Pictures aside, print all of the data below exactly as written.

Collected data:
⁂
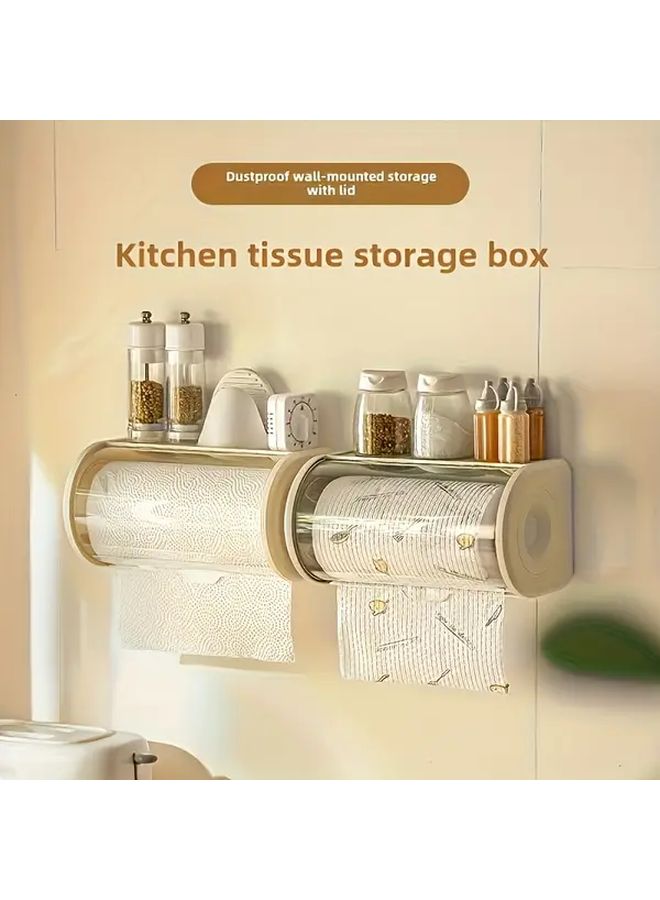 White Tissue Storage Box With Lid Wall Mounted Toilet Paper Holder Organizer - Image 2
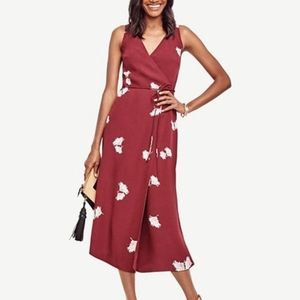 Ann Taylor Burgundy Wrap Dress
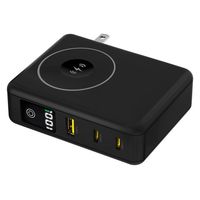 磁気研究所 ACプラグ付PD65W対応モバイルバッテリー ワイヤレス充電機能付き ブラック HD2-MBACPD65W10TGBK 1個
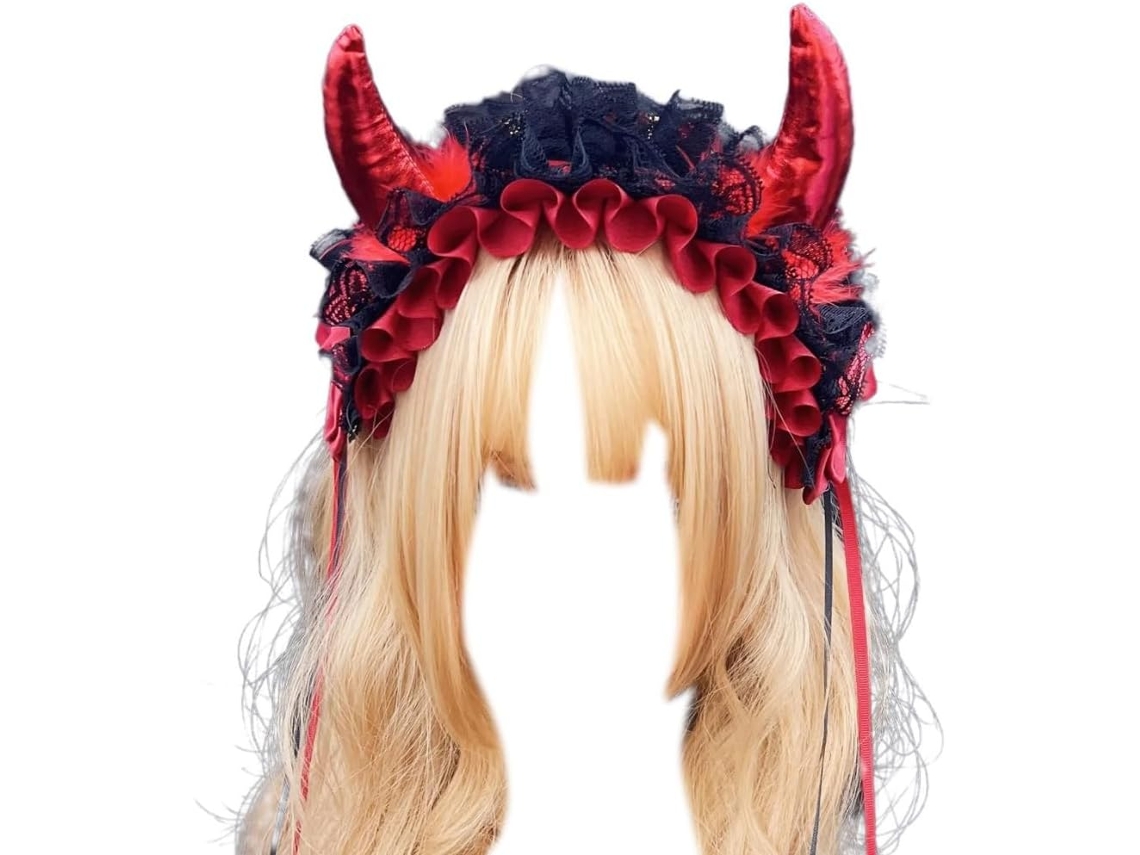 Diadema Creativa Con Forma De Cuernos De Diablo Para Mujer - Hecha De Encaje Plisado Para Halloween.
⁂
Task result:
 White Tissue Storage Box With Lid Wall Mounted Toilet Paper Holder Organizer - Image 2
 Ann Taylor Burgundy Wrap Dress
 磁気研究所 ACプラグ付PD65W対応モバイルバッテリー ワイヤレス充電機能付き ブラック HD2-MBACPD65W10TGBK 1個
 Diadema Creativa Con Forma De Cuernos De Diablo Para Mujer - Hecha De Encaje Plisado Para Halloween.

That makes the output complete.